EXERCISE INSTRUCTIONS:
Only the lines from the one containing "Koruma Alanlarındaki İmar Uygulamaları" through the end of the data are wanted, reproduced exactly and without pictures.

DATASET EXTRACT:

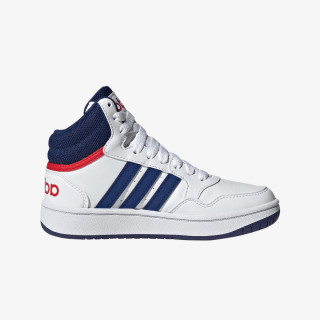 Produkte HOOPS 3.0 MID 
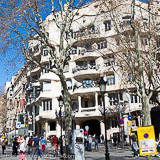 passeig-de-gracia-10_jpg.jpg (55kb)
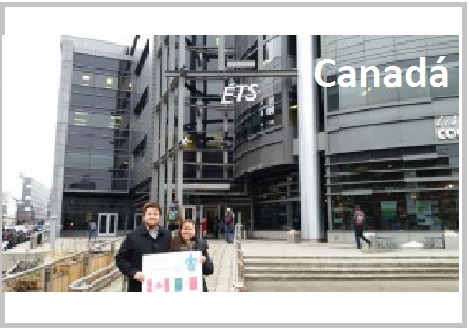 UVcanada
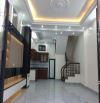 BÁN NHÀ ĐẸP 2.35 TỶ 3 TẦNG 42M2 NGÕ CỰC RỘNG TRẦN HUY LIỆU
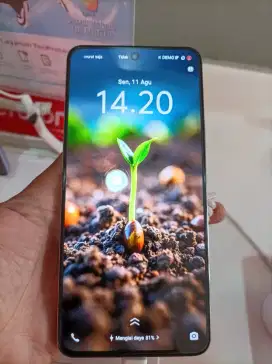Vivo V50 Lite  Erafone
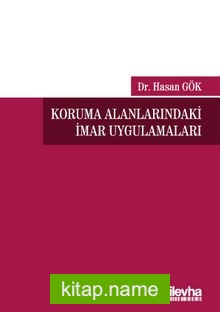 Koruma Alanlarındaki İmar Uygulamaları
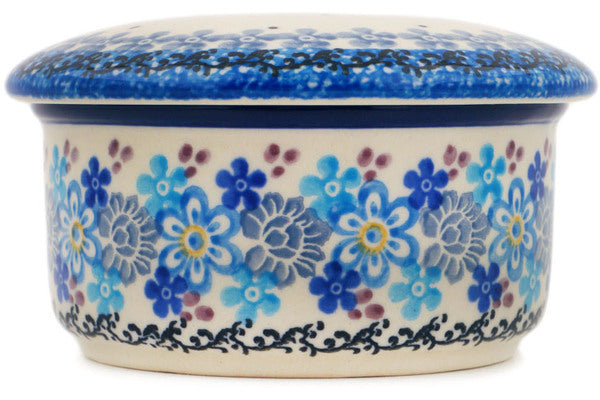 H4773J_2 (2025-03-17 12:25:48)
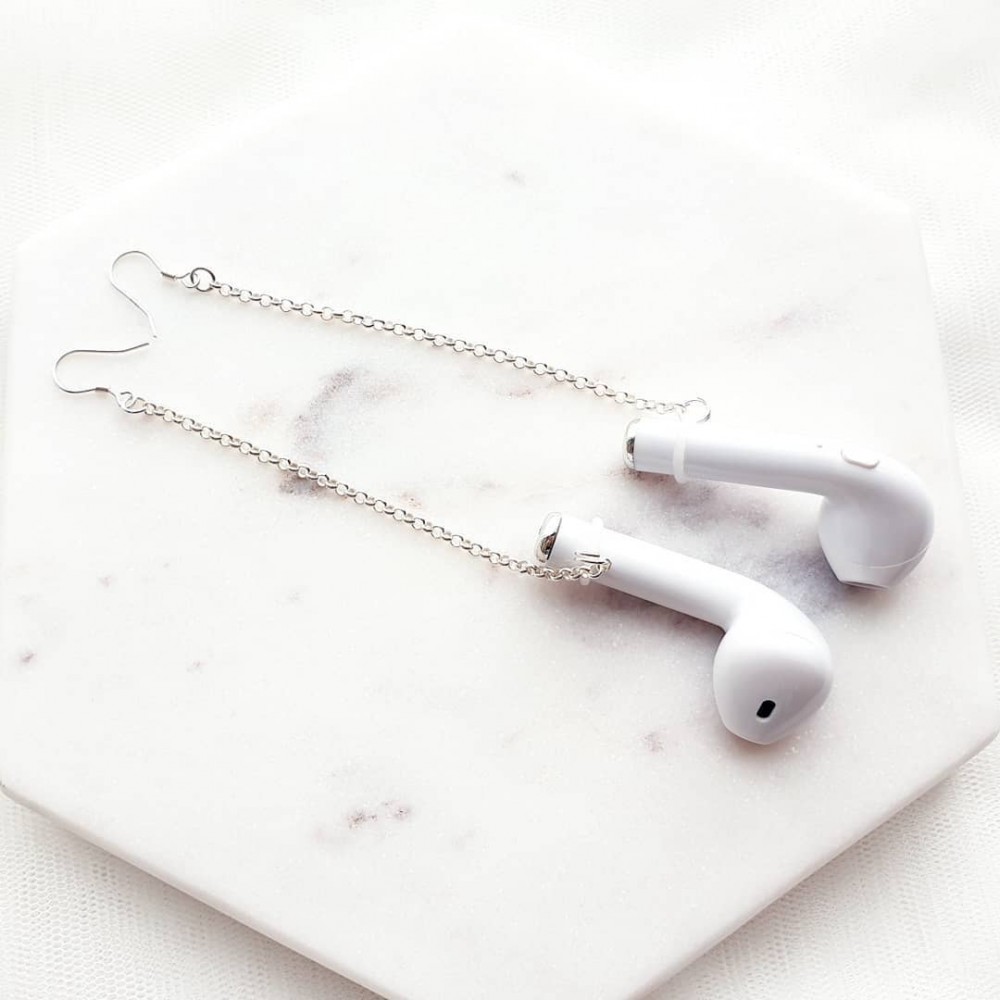 67121286_130703731535543_5331055639831545479_n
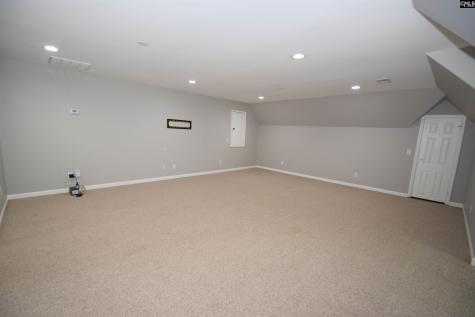 209 Kelsey Glen Drive Lexington SC 29072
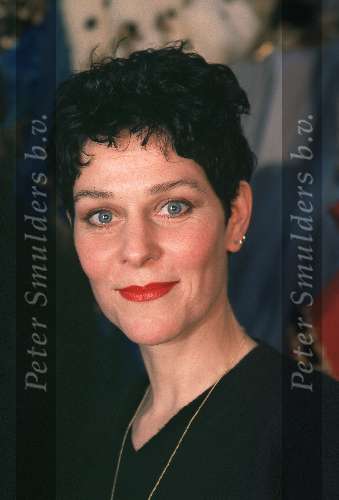 Hilde de Mildt
20 December 1999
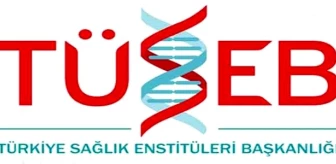 TÜSEB'in Yapay Zeka Araştırma Proje destekleri açıklandı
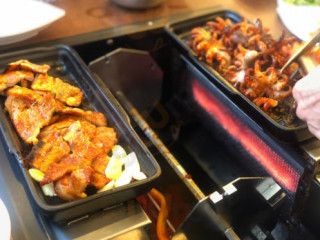 쭈삼쭈삼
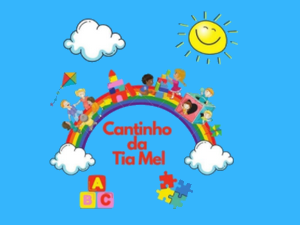escola-cantinho-da-tia-mel.png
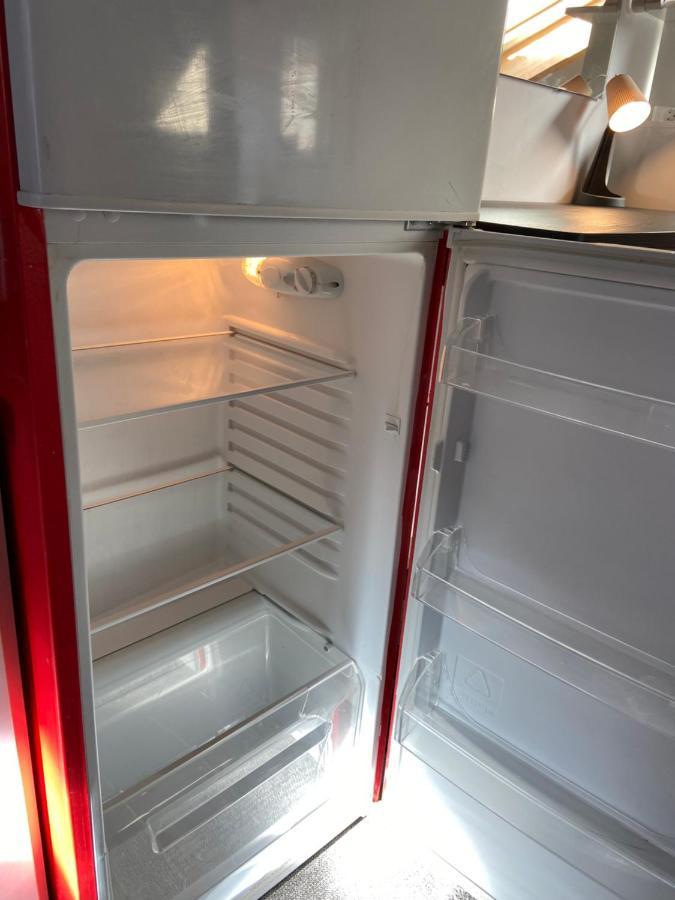 Calle Barbieri - Apartamento En Chueca マドリード エクステリア 写真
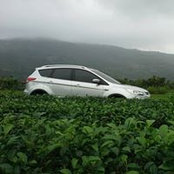 Yu-Teng Wang's photo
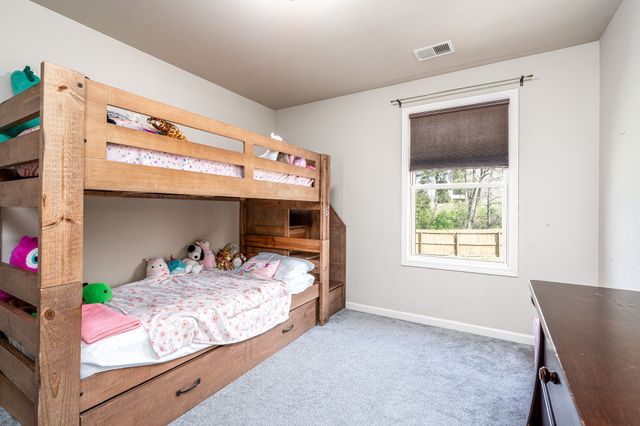 2034 Austin Dr, Spring Hill, TN 37174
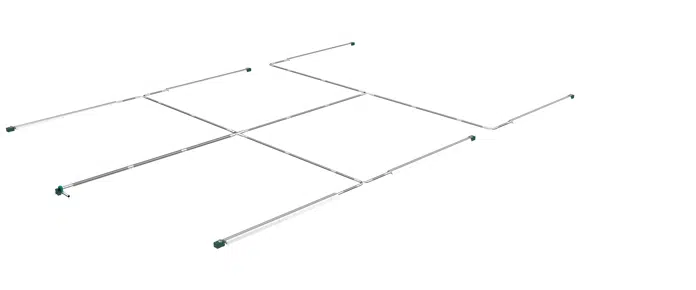 Negative Pressure Systems - Series TVX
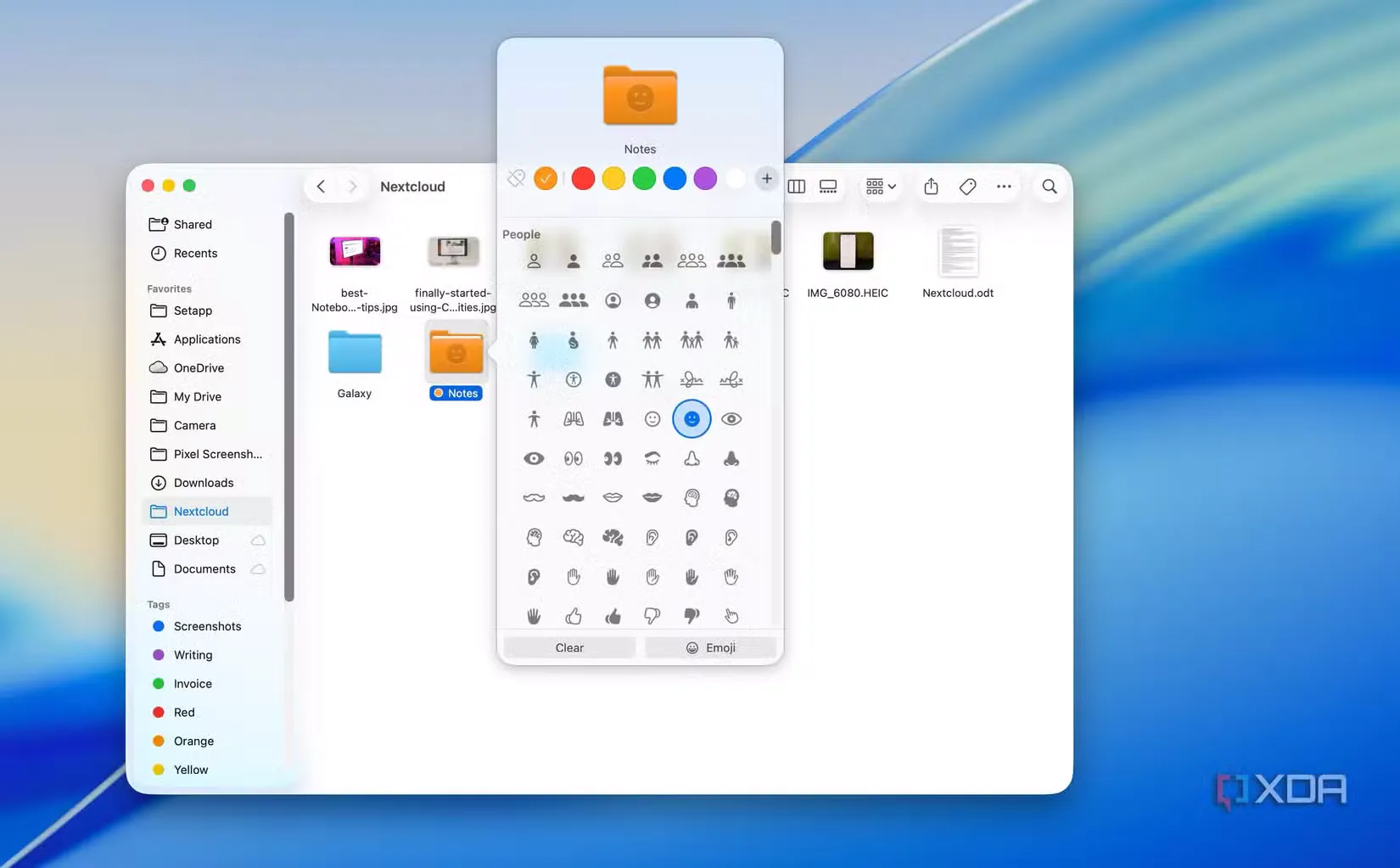 microsoft needs to copy 1 microsoft needs to copy 1
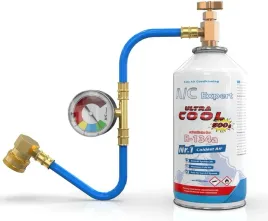 samodzielne-napelnianie-klimatyzacji-r-134a-05kg
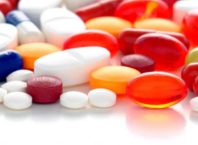 Prescription Medication Pills Medicine Pharmaceutical Drugs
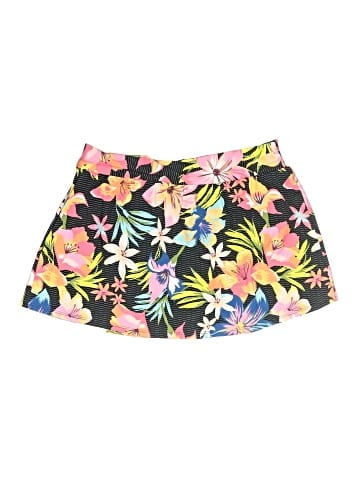 Bleu Rod Beattie Swimsuit Bottoms (view 2)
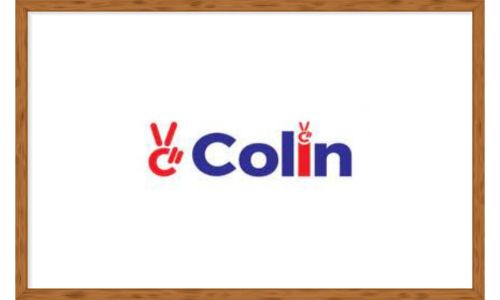 colin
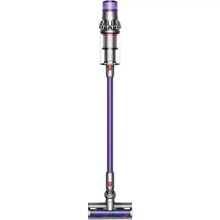 Пилосос DYSON SV51 V11 ADV EU/CH/IL/MEA/EG SNk/Ir/Pu ДС479333-01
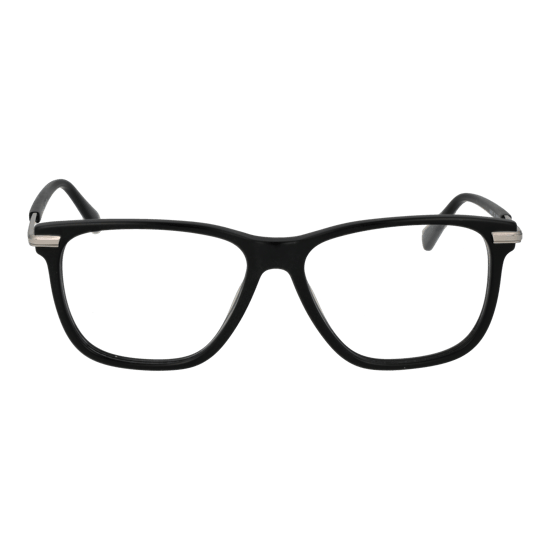Gant Brillenfassung GA50007 002 55 - Image 2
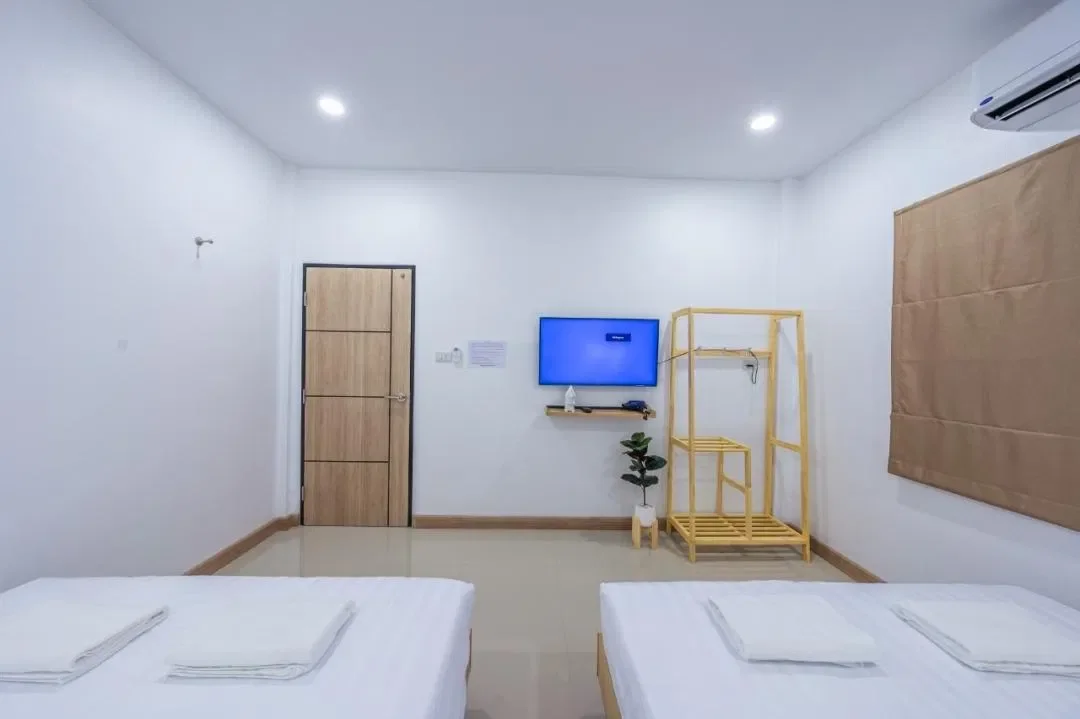 Shining House รูปที่ 5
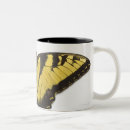 Search for tiger swallowtail mugs Wildlife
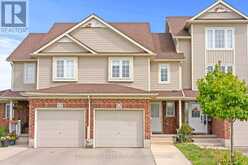 245 RED CLOVER COURT | Kitchener Ontario | Slide Image One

RESULT:
 Koruma Alanlarındaki İmar Uygulamaları
 H4773J_2 (2025-03-17 12:25:48)
 67121286_130703731535543_5331055639831545479_n
 209 Kelsey Glen Drive Lexington SC 29072
 Hilde de Mildt
20 December 1999
 TÜSEB'in Yapay Zeka Araştırma Proje destekleri açıklandı
 쭈삼쭈삼
escola-cantinho-da-tia-mel.png
 Calle Barbieri - Apartamento En Chueca マドリード エクステリア 写真
 Yu-Teng Wang's photo
 2034 Austin Dr, Spring Hill, TN 37174
 Negative Pressure Systems - Series TVX
 microsoft needs to copy 1 microsoft needs to copy 1
 samodzielne-napelnianie-klimatyzacji-r-134a-05kg
 Prescription Medication Pills Medicine Pharmaceutical Drugs
 Bleu Rod Beattie Swimsuit Bottoms (view 2)
 colin
 Пилосос DYSON SV51 V11 ADV EU/CH/IL/MEA/EG SNk/Ir/Pu ДС479333-01
Gant Brillenfassung GA50007 002 55 - Image 2
 Shining House รูปที่ 5
 Search for tiger swallowtail mugs Wildlife
 245 RED CLOVER COURT | Kitchener Ontario | Slide Image One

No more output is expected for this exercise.